Your objective: The records must be returned word for word.

══════

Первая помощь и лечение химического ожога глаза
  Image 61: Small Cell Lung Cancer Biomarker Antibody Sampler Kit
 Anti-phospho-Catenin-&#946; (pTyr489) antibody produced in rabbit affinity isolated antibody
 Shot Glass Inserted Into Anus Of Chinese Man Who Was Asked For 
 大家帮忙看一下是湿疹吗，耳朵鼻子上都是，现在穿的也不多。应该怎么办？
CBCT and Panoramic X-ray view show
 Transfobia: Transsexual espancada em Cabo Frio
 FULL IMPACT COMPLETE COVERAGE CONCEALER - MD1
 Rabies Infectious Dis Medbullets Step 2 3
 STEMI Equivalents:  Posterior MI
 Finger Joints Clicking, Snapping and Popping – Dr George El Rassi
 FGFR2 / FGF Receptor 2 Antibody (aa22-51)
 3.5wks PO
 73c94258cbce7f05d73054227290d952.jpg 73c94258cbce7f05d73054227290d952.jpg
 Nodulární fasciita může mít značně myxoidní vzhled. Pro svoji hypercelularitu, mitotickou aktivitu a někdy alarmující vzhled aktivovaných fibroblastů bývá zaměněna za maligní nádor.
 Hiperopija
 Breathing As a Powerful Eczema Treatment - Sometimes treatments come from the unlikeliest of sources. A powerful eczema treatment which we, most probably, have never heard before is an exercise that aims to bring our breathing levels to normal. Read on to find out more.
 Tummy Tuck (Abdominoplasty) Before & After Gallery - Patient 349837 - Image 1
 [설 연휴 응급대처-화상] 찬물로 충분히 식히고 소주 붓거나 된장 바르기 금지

══════

The answer:
Первая помощь и лечение химического ожога глаза
  Image 61: Small Cell Lung Cancer Biomarker Antibody Sampler Kit
 Anti-phospho-Catenin-&#946; (pTyr489) antibody produced in rabbit affinity isolated antibody
 Shot Glass Inserted Into Anus Of Chinese Man Who Was Asked For 
 大家帮忙看一下是湿疹吗，耳朵鼻子上都是，现在穿的也不多。应该怎么办？
CBCT and Panoramic X-ray view show
 Transfobia: Transsexual espancada em Cabo Frio
 FULL IMPACT COMPLETE COVERAGE CONCEALER - MD1
 Rabies Infectious Dis Medbullets Step 2 3
 STEMI Equivalents:  Posterior MI
 Finger Joints Clicking, Snapping and Popping – Dr George El Rassi
 FGFR2 / FGF Receptor 2 Antibody (aa22-51)
 3.5wks PO
 73c94258cbce7f05d73054227290d952.jpg 73c94258cbce7f05d73054227290d952.jpg
 Nodulární fasciita může mít značně myxoidní vzhled. Pro svoji hypercelularitu, mitotickou aktivitu a někdy alarmující vzhled aktivovaných fibroblastů bývá zaměněna za maligní nádor.
 Hiperopija
 Breathing As a Powerful Eczema Treatment - Sometimes treatments come from the unlikeliest of sources. A powerful eczema treatment which we, most probably, have never heard before is an exercise that aims to bring our breathing levels to normal. Read on to find out more.
 Tummy Tuck (Abdominoplasty) Before & After Gallery - Patient 349837 - Image 1
 [설 연휴 응급대처-화상] 찬물로 충분히 식히고 소주 붓거나 된장 바르기 금지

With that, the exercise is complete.